Below are records; reproduce exactly the lines from the one that has "A newlywed couple" through the one that has "Tavolo tondo lastronato", ends included, and nothing more.

[Brief descriptive captions]
┌────────
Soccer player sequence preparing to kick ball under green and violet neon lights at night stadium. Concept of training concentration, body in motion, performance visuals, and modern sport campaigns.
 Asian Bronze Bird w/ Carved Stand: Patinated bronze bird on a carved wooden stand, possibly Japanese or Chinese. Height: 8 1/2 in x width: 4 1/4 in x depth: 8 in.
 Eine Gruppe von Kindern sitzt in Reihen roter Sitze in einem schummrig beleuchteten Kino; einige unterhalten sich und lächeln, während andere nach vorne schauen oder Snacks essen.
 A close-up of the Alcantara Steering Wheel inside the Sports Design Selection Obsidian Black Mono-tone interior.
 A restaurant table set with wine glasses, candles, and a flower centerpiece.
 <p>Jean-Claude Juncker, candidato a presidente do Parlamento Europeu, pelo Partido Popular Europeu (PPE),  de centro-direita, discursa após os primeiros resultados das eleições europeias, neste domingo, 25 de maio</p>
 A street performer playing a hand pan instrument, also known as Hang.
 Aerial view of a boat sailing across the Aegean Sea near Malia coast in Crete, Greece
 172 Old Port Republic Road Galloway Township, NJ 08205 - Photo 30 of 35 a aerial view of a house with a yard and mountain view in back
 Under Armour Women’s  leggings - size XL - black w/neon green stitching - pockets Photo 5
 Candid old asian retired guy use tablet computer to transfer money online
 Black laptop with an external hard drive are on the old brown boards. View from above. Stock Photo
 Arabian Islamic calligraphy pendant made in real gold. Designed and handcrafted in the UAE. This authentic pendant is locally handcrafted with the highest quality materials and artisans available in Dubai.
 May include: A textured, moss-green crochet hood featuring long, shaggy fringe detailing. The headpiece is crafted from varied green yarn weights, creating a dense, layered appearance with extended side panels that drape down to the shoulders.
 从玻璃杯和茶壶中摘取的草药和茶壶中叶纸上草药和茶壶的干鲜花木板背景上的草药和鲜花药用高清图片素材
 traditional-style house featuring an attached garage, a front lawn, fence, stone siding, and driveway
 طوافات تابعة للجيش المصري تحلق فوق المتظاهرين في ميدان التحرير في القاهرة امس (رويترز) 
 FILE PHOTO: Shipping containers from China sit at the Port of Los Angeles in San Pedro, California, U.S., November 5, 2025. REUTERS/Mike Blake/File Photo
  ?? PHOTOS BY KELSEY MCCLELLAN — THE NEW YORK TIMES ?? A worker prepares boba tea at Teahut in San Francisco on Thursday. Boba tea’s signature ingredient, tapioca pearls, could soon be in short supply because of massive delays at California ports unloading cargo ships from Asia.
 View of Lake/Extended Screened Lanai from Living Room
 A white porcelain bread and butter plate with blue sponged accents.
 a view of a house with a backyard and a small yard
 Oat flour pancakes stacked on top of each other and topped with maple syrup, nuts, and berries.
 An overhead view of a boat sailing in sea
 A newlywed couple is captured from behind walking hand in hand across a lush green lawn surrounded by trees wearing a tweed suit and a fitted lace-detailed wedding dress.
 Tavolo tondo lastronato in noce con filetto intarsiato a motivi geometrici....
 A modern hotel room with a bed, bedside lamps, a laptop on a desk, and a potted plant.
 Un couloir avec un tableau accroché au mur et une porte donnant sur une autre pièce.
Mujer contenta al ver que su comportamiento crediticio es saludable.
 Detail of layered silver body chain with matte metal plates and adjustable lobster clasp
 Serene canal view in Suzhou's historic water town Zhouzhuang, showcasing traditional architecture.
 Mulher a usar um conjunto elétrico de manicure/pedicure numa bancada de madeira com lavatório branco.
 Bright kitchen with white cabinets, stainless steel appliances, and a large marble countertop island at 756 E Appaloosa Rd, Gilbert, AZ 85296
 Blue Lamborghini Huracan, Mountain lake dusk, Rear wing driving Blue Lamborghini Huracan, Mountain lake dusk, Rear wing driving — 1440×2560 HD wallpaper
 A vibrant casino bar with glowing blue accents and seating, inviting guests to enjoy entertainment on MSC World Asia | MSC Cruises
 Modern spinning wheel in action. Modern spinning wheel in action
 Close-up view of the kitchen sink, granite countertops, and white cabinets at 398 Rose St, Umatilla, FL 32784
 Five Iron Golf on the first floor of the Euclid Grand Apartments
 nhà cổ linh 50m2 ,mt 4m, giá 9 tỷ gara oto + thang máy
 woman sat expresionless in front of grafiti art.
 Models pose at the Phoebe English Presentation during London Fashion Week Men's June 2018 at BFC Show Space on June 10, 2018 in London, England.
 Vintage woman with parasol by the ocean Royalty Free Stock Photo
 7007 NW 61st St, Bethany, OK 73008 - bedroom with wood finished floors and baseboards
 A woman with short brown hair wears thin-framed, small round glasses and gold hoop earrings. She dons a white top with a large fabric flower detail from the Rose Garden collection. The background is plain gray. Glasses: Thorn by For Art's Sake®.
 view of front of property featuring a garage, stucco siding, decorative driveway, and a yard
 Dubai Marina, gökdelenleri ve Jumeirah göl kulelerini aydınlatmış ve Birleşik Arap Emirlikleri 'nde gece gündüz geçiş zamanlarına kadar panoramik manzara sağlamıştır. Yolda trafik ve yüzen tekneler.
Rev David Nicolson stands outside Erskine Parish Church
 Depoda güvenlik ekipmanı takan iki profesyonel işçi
└────────
■ Response area
 A newlywed couple is captured from behind walking hand in hand across a lush green lawn surrounded by trees wearing a tweed suit and a fitted lace-detailed wedding dress.
 Tavolo tondo lastronato in noce con filetto intarsiato a motivi geometrici....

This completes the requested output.